Anstey: Thank you. Mark Malloch Brown.
Malloch Brown: Thank you, Caroline. Let me first, just on behalf of
all of us, thank our colleagues, Phillipe Dongier, Sultan Aziz, and
Paul Dicky of ADB, who is not on the platform, for writing this
document. I know that for you journalists a deadline numbered in weeks
rather than days seems a huge luxury, but actually assembling this
needs assessment in the time period that the team had, and behind the
three team leaders was a group of 60 people from three organizations
who were working on this, is extraordinary. I think they could not get
a higher vote of confidence than the fact that the numbers they have
laid out, after this very rushed period of work, were the basis on
which governments pledged today. And, as Jim has just indicated, they
have passed out top of class because it looks as though we will have
met the first year needs and be doing very well on the medium and
longer term numbers. It is up I think to the co-chairs to make the
announcement on that in due course, and there are many more
governments that will be pledging this afternoon, but I think it is a
great endorsement of the work they did.
Second, however, what was also very clear, and what we had always said
about this document, was that it was the beginning of a process -- not
the end of one -- and that it could rough out the basic
sector-by-sector costs, but we would then need to come back to this
with much more detailed follow-up work with the Interim Authority and
with the other donors that are interested in participating in the
different sectors. I think the second very positive important lesson
of today was the way the Interim Authority and Chairman Karzai really
stepped up to the plate to take ownership of this and said they wanted
to put together a comprehensive approach in Kabul to follow up and
really make sure that everything that was done going forward reflected
their priorities and their leadership of the process.

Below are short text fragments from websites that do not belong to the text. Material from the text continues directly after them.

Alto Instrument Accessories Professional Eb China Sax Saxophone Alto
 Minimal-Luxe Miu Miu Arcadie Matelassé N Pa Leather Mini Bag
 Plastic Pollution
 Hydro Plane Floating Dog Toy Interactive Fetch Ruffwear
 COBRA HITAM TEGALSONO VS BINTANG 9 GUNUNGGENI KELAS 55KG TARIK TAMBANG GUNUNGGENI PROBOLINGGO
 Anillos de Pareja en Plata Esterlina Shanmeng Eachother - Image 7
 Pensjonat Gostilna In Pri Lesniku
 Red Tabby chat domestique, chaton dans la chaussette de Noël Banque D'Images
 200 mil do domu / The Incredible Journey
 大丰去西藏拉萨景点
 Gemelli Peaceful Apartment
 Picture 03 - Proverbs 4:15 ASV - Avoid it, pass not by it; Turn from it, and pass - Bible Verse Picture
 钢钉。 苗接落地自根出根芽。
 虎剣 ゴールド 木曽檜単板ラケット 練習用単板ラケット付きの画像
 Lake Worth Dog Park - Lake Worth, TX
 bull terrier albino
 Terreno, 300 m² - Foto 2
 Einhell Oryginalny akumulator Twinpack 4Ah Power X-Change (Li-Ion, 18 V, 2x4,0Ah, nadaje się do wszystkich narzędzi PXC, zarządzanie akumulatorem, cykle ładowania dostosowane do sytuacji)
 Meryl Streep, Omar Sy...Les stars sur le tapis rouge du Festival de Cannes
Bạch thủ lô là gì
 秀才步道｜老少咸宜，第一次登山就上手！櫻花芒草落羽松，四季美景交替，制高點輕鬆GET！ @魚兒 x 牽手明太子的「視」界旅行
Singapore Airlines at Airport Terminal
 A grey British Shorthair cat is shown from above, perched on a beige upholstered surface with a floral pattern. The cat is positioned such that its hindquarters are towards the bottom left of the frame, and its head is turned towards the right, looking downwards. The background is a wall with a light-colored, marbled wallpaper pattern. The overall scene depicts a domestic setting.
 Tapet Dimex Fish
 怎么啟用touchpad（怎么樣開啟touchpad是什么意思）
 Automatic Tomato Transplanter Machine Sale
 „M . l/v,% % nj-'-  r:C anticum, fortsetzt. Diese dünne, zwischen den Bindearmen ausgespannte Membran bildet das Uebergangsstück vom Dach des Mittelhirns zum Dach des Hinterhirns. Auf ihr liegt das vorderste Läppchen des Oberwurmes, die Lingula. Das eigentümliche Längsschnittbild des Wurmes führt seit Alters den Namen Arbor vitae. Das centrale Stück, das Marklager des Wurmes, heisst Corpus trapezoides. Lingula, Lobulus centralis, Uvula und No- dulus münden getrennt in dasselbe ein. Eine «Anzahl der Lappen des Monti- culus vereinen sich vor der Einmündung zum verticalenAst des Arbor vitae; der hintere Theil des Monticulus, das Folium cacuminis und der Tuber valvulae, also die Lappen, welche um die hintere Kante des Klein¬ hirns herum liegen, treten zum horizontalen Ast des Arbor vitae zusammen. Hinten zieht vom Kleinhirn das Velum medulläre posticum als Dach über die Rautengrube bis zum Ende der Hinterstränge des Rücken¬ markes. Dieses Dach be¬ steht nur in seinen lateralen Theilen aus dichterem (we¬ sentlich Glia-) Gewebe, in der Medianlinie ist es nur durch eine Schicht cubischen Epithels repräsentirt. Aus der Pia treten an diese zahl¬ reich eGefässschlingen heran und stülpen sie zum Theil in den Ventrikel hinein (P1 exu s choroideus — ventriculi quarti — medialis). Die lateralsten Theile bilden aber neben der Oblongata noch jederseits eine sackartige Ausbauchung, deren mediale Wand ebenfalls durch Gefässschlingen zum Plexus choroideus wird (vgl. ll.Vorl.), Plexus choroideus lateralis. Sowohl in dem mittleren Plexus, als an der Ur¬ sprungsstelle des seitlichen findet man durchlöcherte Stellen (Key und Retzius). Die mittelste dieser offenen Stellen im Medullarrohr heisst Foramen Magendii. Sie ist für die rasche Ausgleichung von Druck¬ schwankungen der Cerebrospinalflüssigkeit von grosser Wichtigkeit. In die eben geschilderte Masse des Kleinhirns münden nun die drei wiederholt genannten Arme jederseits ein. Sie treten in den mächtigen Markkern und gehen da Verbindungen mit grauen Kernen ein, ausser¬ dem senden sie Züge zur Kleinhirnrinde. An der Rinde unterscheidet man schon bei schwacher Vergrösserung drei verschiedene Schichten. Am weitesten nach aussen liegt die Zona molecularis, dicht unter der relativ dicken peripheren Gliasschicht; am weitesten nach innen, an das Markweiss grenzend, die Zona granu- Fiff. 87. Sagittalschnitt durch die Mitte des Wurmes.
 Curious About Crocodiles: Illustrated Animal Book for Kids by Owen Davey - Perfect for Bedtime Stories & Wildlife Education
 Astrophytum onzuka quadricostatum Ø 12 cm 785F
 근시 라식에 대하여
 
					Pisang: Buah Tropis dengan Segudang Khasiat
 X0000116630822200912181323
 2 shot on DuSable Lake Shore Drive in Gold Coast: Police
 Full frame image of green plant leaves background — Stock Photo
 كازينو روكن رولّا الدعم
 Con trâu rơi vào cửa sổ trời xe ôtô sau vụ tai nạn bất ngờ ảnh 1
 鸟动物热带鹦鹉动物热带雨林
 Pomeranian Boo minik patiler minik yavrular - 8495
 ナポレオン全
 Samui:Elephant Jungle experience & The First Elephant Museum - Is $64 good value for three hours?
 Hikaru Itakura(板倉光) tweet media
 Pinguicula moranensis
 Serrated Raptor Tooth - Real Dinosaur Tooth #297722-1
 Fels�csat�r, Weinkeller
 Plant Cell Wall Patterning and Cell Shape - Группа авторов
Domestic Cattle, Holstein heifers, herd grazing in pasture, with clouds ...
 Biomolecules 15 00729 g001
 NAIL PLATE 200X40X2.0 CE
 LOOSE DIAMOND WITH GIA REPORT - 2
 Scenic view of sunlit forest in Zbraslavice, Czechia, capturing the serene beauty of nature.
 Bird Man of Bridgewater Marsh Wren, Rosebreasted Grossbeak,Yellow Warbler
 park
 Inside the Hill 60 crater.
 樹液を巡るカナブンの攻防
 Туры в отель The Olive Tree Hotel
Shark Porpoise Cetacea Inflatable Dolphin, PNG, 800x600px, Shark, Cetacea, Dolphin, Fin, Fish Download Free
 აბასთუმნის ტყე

Now, throughout this, going forward we are going to face this constant
tension between speed -- the need to really demonstrate quickly a
peace dividend that we are meeting the needs of people with some real
results quickly, which show them that their new government is working
for them -- versus the need for reflection, debate and real ownership
of the priorities by Afghans themselves because, after all, this is a
government which has not yet been in power a month, and so things are
happening at lightening speed. But, I think what the document does is
identify some first priorities that we have to got to move on at once,
of which the first, as we heard echoed by everybody this morning, is
security, security, security: the need for policing in the
neighborhoods, the need to move on de-mining, the need to create the
situation in which refugees can come home through disarmament and the
establishment of basic security for people; and second, meeting the
cost of government. It would be a perverse outcome if we built roads
and put a UN, World Bank, American or Japanese flag on them, built
schools, but we had not given the resources to the new central
government for it to be able to demonstrate to the people of
Afghanistan that it was the source of benefits and welfare and good
things in their life. It is 20 years since they have had a central
government that did those kinds of things for them; and as half of
Afghans are under 20 it means that half the country cannot remember a
government that served them and was not just a source of violence and
confusion in their lives. So, resourcing the government has emerged as
a high priority for us and one we are pressing to make sure happens.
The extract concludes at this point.